Jean-Jacques Bourdin: « Evidemment, la profession va critiquer mais on s’en moque »

 

Jean-Jacques Bourdin. –
Capture BFMTV

 

« Match de boxe », « corps à corps »… les références à un affrontement ne manquent pas au lendemain de l’interview inédite d’Emmanuel Macron. Estimant avoir été fidèles à eux-mêmes, Jean-Jacques Bourdin et Edwy Plenel assurent avoir rempli leurs obligations. « Sur la forme, évidemment la profession va critiquer mais on s’en moque », a lancé le journaliste de RMC et BFMTV.
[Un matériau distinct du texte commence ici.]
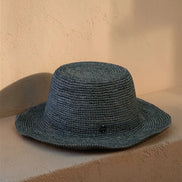 Isaro canotier en raphia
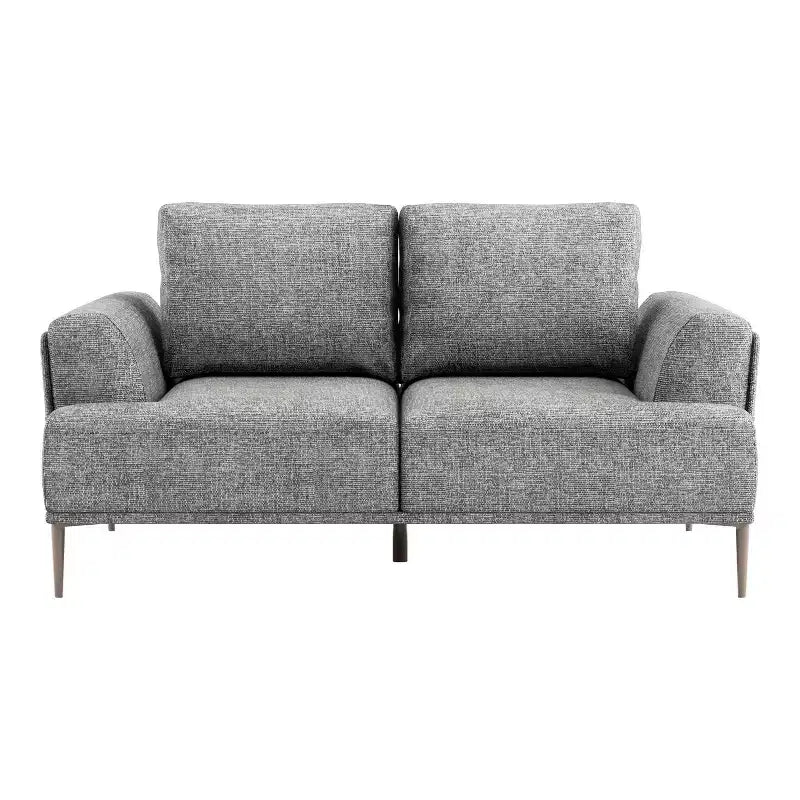 Causeuse en chenille avec coussin d'assise en T et dossier extensible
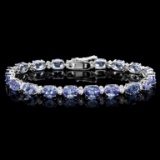 14k Gold 14.00ct Tanzanite & 1.00ct Diam Bracelet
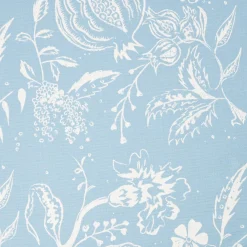 Serena Fresson Fabrics<Mrs. Alice Blue Chelsea Square Fabric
« Ce qu’il faut dans une interview avec un président de la République mais comme avec un leader de l’opposition, c’est ne pas être au service de l’interviewé mais poser les questions qu’on a envie de poser », s’est-il justifié.

Dimanche soir, les journalistes de Mediapart et de RMC ont offert une interview d’un genre différent, en s’affichant sans cravate ou encore en étant incisifs dans leurs questions. « Ce sont des médias qui portent ce que disent leurs auditeurs ou leurs lecteurs. Ce sont des médias qui sont très proches de leur public et quel était notre choix (…), c’était de porter des questions que se posent les gens », précise Edwy Plenel, qui comme son confrère, ont appelé le président « Emmanuel Macron » tout au long de l’entretien. « Je ne vois pas pourquoi j’aurai cet acte déférent ‘M. le président' », explique Jean-Jacques Bourdin.

« L’affichage pas de cravate, Emmanuel Macron, c’était dire demain vous n’êtes plus président, on est pareil, on est égaux en dignité et en droit », ajoute le patron de Mediapart.